Non seulement « les moments » ne sont pas des parcelles séparés et disjonctifs qu’on devrait collecter et rassembler plus tard par une sorte de collecte, mais leur être et les relations entre eux ne sont possibles que dans un tout unitaire. La certitude et le doute comme deux » moments » doivent toujours être considérés comme un tout.
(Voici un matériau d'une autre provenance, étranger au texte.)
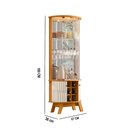 Ver imagem 5 de Cristaleira de Vidro com Led 67cm Sala de Jantar Ravion M20 - D’Rossi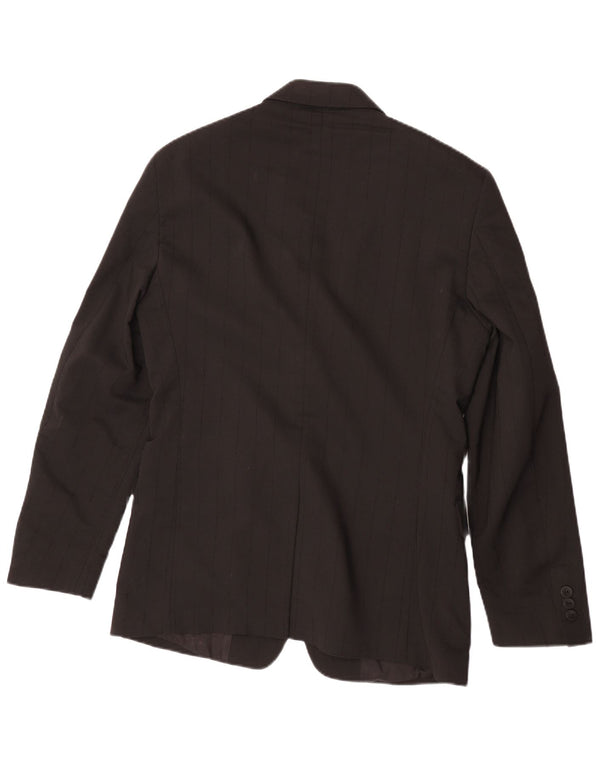 Versace Chaqueta tipo blazer de 3 botones para hombre IT 48 Medium Black Pinstripe Classic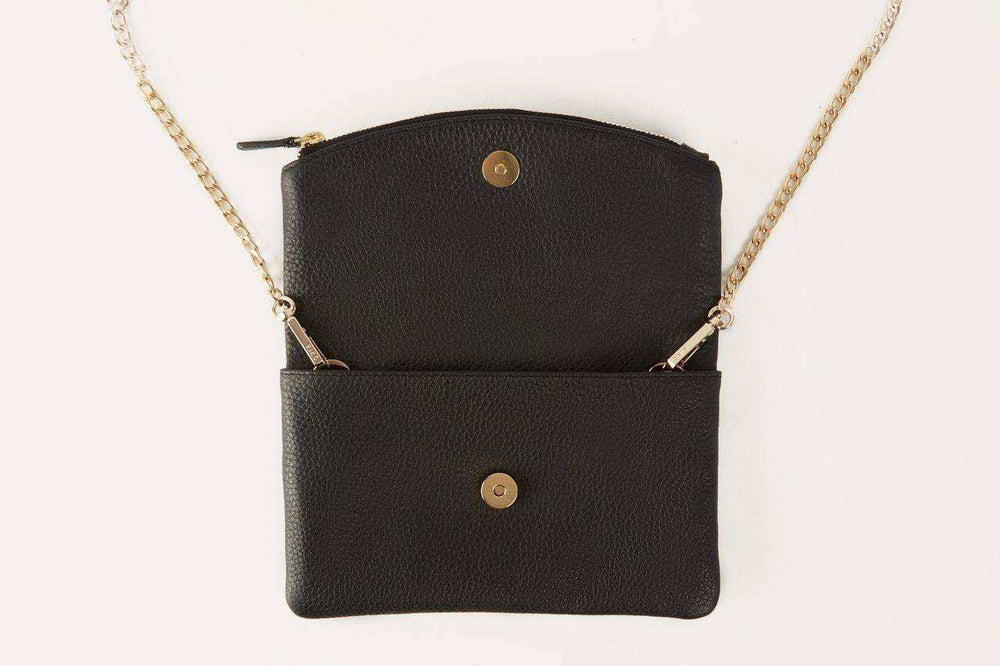 Kiko Leather Flap Clutch - Kiko - Flyclothing LLC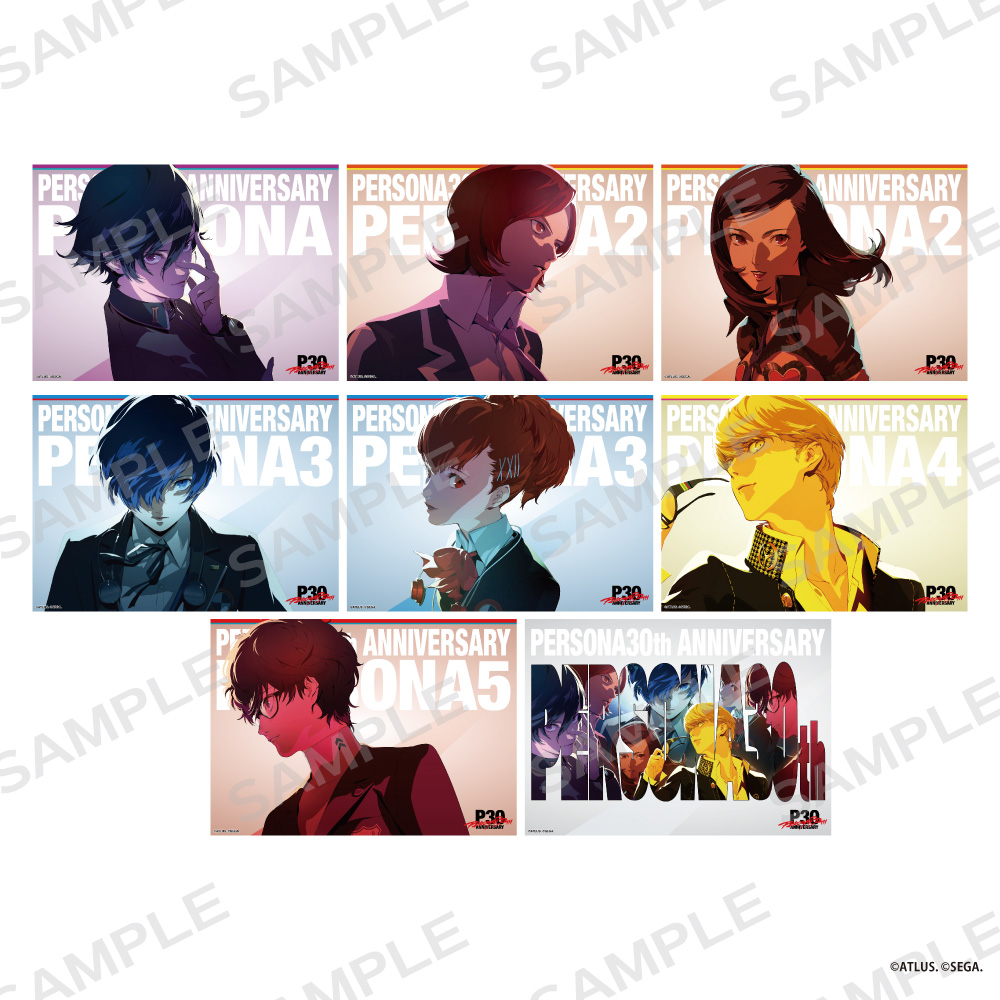 【アイライツ】P30th トレーディングクリアポスター（2枚入り） 1BOX入数：4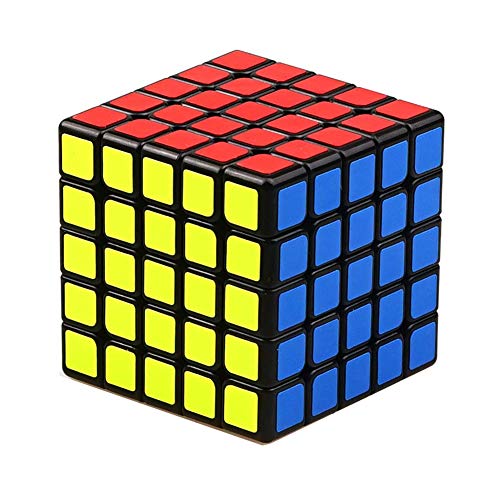 Preisvergleich Produktbild JIAAE 5X5 Puzzle Zauberwürfel Professional Intelligence Wettbewerb Rubik Kinder Frühe Bildung Spielzeug,Black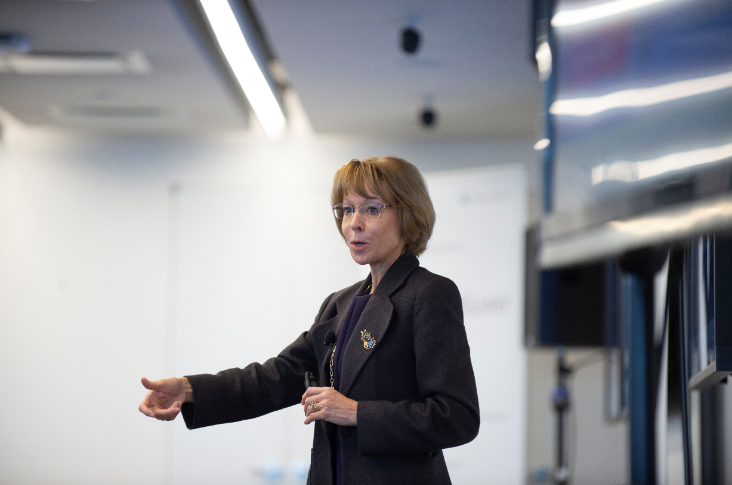 Wolters_Kluwer's tweet photo. "As a leader, I think you have to find ways that you can create a vehicle so that the next generation of leaders can see their path forward.” 
Read more about CEO Nancy McKinstry’s leadership insights from the @Lead_on_Purpose 2020 #CEOStudy. 
https://t.co/jD5yyjrGQy https://t.co/YOfhBoFcEu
Par voie de conséquence, Ragnarök de Dana Shishmanian aborde des questions qui appartiennent à la vie sociale réelle de l’homme. La poétesse a profondément exploré ces questions. Ses trouvailles dans Ragnarök sont des directives transparentes pour enquêter. Cette œuvre incite à la lecture, à la réflexion et à la compréhension. Ragnarök ouvre une voie à l’aide de laquelle nous pouvons formuler notre question sur « l'idée de Dieu » et essayer de méditer sur cette idée.

 

© Saghi FarahmandpourHamidreza Zakaria

 

(*)

 

Je m’appelle Saghi FARAHMANDPOUR. Je suis née en février 1981 à Téhéran, en Iran. Tout mon enseignement universitaire avaient été en discipline de la langue et de la littérature française et j’ai le doctorat ès lettres françaises. J’ai fait des recherches dans le cours de la maîtrise sur la réalité dans la diégèse. Ma thèse de doctorat est l’interprétation des poèmes d'Alfred De Vigny basée sur l’herméneutique phénoménologique de Heidegger. Maintenant, je suis poétesse et j’écris de la poésie en persan et en français ; je fais également de la traduction et de l'interprétation littéraire.

 

Je m’appelle Hamidreza ZAKARIA. Je suis né en mai 1976 à Téhéran, en Iran. Tout mon enseignement universitaire avait été en discipline de l’histoire et j’ai le doctorat en histoire. J’ai fait des recherches dans le cours de la maîtrise sur l'histoire de l'Empire Ottoman au début du XIXe siècle. Ma thèse de doctorat porte sur le concept d'historicité chez Heidegger et l'ontologie de l'historiographie. J’ai enseigné l’histoire pendant dix ans et je suis maintenant chercheur d'histoire et de philosophie. Je connais les langues anglaise et turque. Je fais actuellement des recherches sur la vision du monde islamique et sur l’histoire de l’exégèse du Coran en Turquie.